### Description of the task
Reproduce only this stretch of the listing below: from the line with "Rektor Saburai Tutup" through the line with "Bass Guitar Rhythm", exactly as written, with pictures excluded.

### Data records
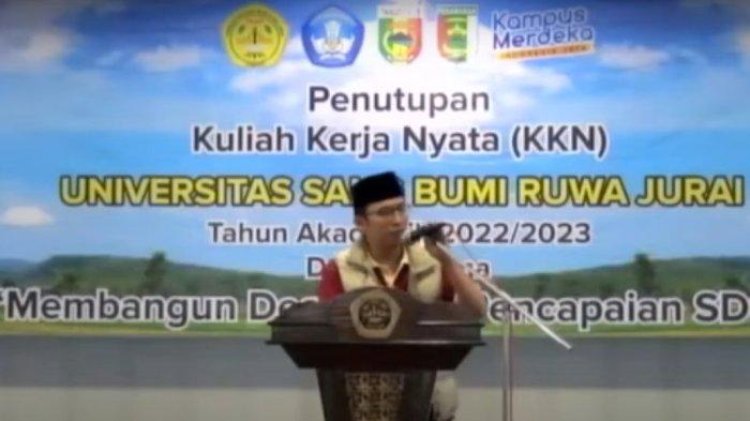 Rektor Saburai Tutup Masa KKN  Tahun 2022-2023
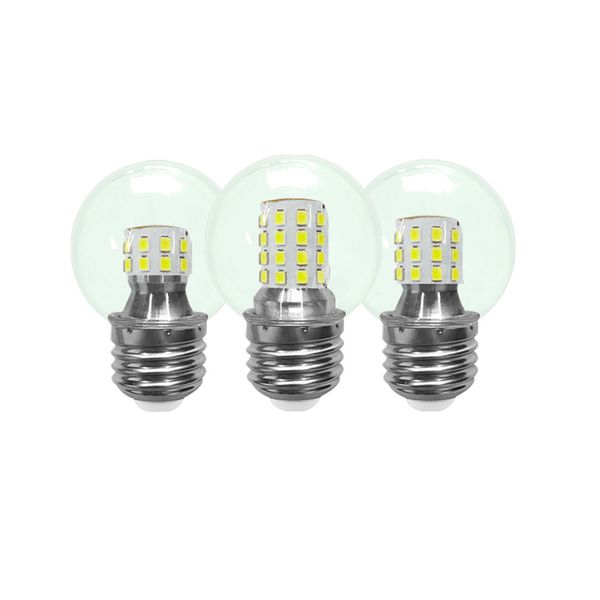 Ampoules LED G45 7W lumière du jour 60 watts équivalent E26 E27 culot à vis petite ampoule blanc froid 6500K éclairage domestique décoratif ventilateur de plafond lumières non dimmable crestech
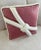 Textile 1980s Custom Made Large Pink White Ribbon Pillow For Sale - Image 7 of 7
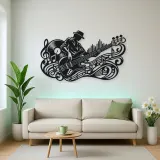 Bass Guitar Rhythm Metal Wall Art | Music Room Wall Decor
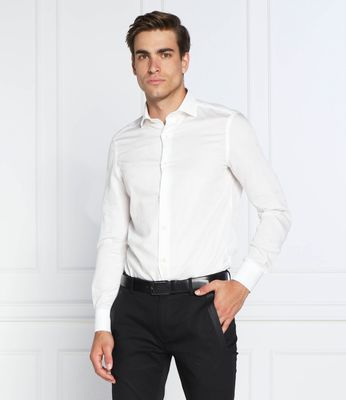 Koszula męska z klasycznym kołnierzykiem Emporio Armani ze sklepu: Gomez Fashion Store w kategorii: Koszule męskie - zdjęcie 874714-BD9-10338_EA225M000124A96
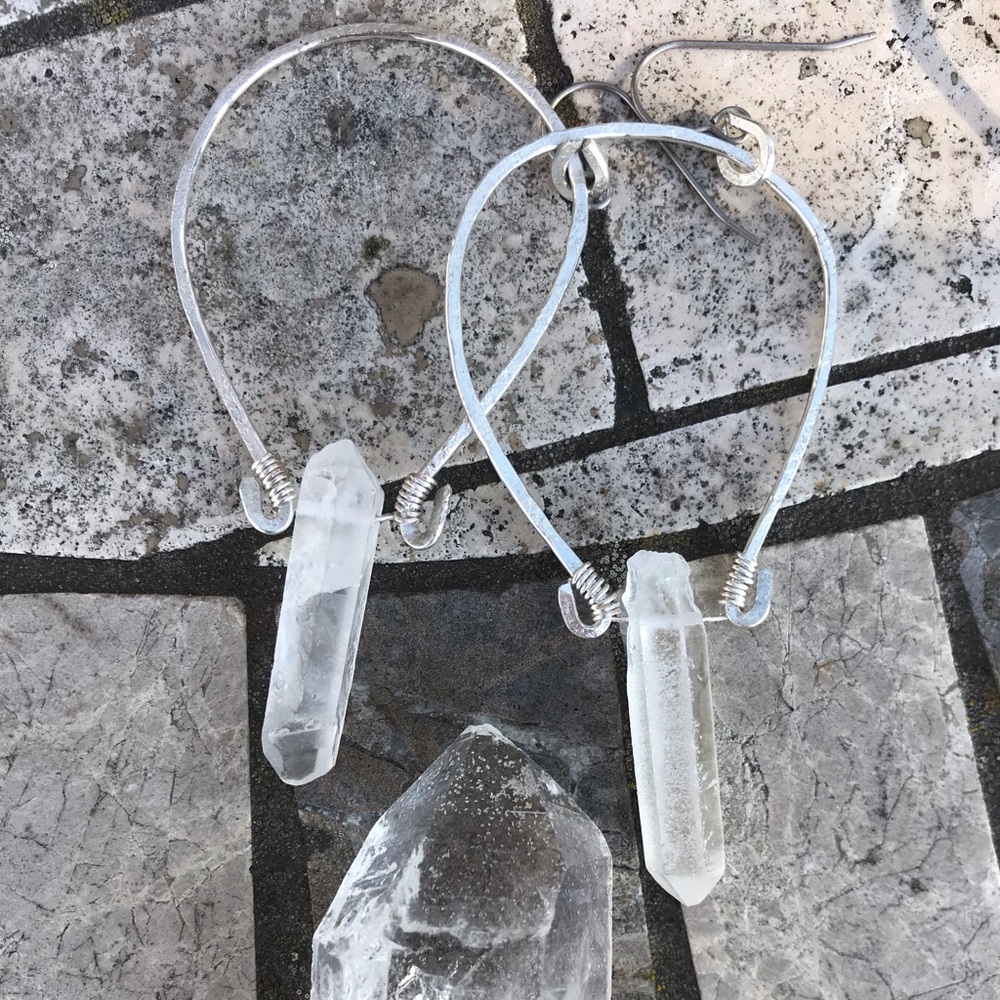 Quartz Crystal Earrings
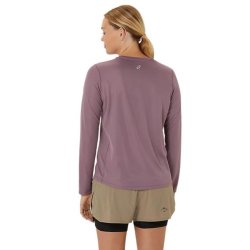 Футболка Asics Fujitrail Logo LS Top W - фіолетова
---
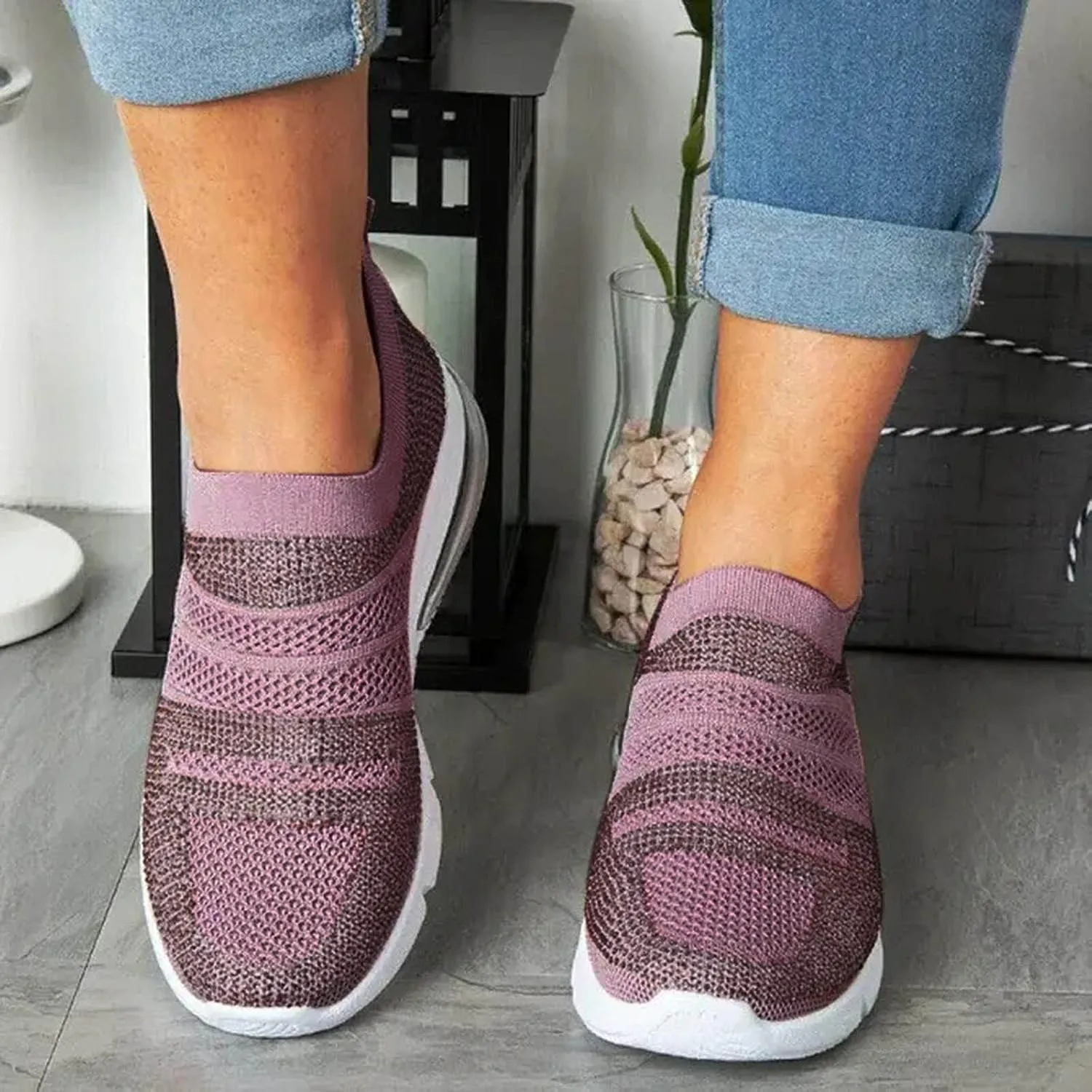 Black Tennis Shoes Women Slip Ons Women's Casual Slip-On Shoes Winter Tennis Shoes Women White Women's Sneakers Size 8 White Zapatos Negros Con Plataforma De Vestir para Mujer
--
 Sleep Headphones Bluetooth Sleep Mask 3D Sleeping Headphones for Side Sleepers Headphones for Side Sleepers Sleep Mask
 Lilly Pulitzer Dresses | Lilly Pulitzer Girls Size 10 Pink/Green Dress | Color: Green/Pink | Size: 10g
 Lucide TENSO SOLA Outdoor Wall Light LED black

### Result of this task
 Rektor Saburai Tutup Masa KKN  Tahun 2022-2023
 Ampoules LED G45 7W lumière du jour 60 watts équivalent E26 E27 culot à vis petite ampoule blanc froid 6500K éclairage domestique décoratif ventilateur de plafond lumières non dimmable crestech
 Textile 1980s Custom Made Large Pink White Ribbon Pillow For Sale - Image 7 of 7
 Bass Guitar Rhythm Metal Wall Art | Music Room Wall Decor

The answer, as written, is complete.